The film is a series of set pieces, showing a survivalist family trying to outwit fate with jerry-rigged gizmos. Just imagine what a Mr Fixit Dad would do to your home and property if he were trying to defeat blind monsters that hear well. I wish more use had been made of duct tape, every do-it-yourselfer’s best friend.

Quite a few of the set-pieces are rather sadistic. The filmmakers do whatever it takes to place each character in unique peril, pain, and agony. One scene was highly reminiscent of a frequently repeated motif, involving sound and those humans most likely to make noise, from Holocaust movies. I was alienated by this sadism. It began to feel manipulative and, at one point at least, completely unbelievable.

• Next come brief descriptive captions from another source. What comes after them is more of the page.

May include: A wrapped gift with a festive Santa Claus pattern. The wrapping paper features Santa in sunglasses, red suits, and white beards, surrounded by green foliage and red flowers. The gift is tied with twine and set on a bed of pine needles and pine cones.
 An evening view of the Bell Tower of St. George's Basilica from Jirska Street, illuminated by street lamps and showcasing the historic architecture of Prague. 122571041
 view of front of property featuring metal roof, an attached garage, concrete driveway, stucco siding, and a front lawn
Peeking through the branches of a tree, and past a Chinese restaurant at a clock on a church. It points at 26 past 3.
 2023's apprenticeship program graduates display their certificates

Isle of Dogs 2018: Cute but Cold and Insubstantial, Unnecessarily Convoluted and Violent




“Isle of Dogs” is cute, as its trailer promises, but it is cold and insubstantial. There’s a scene on the eponymous Isle of Dogs where the main characters stumble upon the canine skeleton of a beloved household pet who starved to death in a locked cage. I love dogs and just the thought of that scene should reduce me to tears. I felt nothing, and that was my reaction to the entire movie. I didn’t laugh or cry. I just didn’t care. Cute dog puppets? Check. Anything else? Not much.

I did love the taiko drum soundtrack, and hope to buy it. But taiko drumming has nothing to do with dogs. I also really liked the voice talent, including Bryan Cranston, who is just terrific and memorable as the voice of a tough stray dog, Jeff Goldblum, F. Murray Abraham, and Edward Norton.

The plot is unnecessarily convoluted and violent, and told rather than shown. There is endless voiceover narration. “And then this happened and then this happened and then this happened.” Everything is so exaggerated and divorced from any real dogginess that I could not relate.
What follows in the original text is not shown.